News & Media

Addington attentive to Stewart's needs before, during race

June 25, 2012, Mark Aumann,

SONOMA, Calif. -- Crew chief listens to driver to improve the car, then adjusts late-race strategy

One of the secrets to being a good crew chief is being a good listener, and Steve Addington proved Sunday that he's adept at both.

After Stewart struggled all weekend and qualified 24th, Addington heard what Stewart had to say about the car and suggestions that might help the No. 14 Chevrolet find some speed. Then he paid attention to the voice of experience in his mind, the one telling him late in the race that he needed to deviate from his original two-stop strategy.

"I just try to pay attention to what the driver's telling me and what I feel like [the car] needs."

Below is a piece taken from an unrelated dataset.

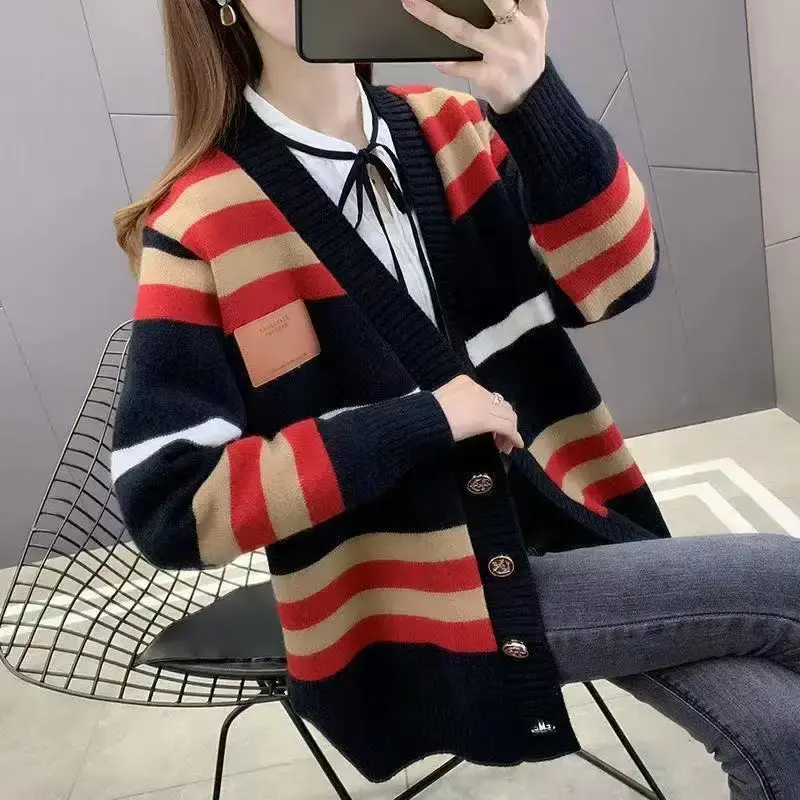 Thumbnail: Women's Vintage Striped Knitted Cardigan Jacket Loose Fit Spring Warmwear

"I just try to pay attention to what the driver's telling me and what I feel like [the car] needs," Addington said. "I've had great groups of people around me at the time, too, to help me with direction when I have an idea."

Stewart came home second behind Clint Bowyer, giving Addington his third finish of first or second in the past five races on the 1.99-mile, 11-turn Sonoma road course -- all with different organizations.

Last year, Addington was on the pit box for Kurt Busch's dominating win for Penske Racing. In 2007, he orchestrated a 30th-to-first run for Kyle Busch at Joe Gibbs Racing.

"I am really proud of Steve Addington and the guys," Stewart said. "They really worked hard the last two days. We just couldn't get happy with it on Friday or Saturday, but they got a car [Sunday] that was really, really good.

"We started too far back, but I think myself and Brian Vickers probably had two of the best cars. Obviously [Kurt Busch and Clint Bowyer] were really strong all day, too."

Addington's original idea was to work the fuel mileage game and finish the race with just two stops. Stewart executed that game plan to perfection, getting 34 laps out of the first tank of fuel and 38 more from the second.

But because the race ran without a caution that entire time, Stewart found himself in something akin to "one step forward, two steps back." Even though he steadily moved through the field, he found himself losing ground to the leaders.

Stewart eventually broke into the top 10 by Lap 50 and was hovering just outside the top five, but he was running more than 20 seconds behind.

"When you're starting outside of the top 15 or so, it's hard to make up time," Addington said. "Tony did a great job driving up through there like that to the top 12 there on that first run. We were making up time, but the leaders just had gotten away from us.

"So we had to do what our car would allow us to do [Sunday]. That's what the game plan was. You get farther behind on green-flag stops because you lose track position. But we had to do what we had to do."

Compounding the situation was that the car's full tank didn't fill completely on what should have been Stewart's final stop. Now he knew he needed a break.

* Press Pass: Stewart talks about fortunate misfortune

That came in the form of the race's first caution, when Tomy Drissi slapped the wall in the esses on Lap 82. Not only could Addington call Stewart in to make sure he had enough fuel to get to the finish, but also he could use the opportunity to give him new tires.

"We were in a position there that there weren't that many cars on the lead lap," Addington said. "I figured that every one of them was coming in because tires were important. And we had eight laps on those things, so we decided to put four fresh ones on it and try to win the race."

Instead, the top six cars stayed out. Now Stewart had everything working in his favor: a fast car and the leader in his sights.

"We just had eight or 10 laps fresher tires than those guys," Stewart said. "We still had to fight our way through there. We had a really good car. We just took all day to get the track position."

Stewart had worked his way into third when the day's second and final caution came out for a two-car spin in Turn 7, setting up a green-white-checkered finish. After the restart, he was able to get past Busch's wounded car, but Bowyer was too far in front for him to chase down in one lap.

"To end up running second like this is just a really good effort for all of our guys," Stewart said. "I'm really proud of Steve Addington [because he] never gave up this weekend. Nobody ever gave up on trying to find something that was going to be a little bit better."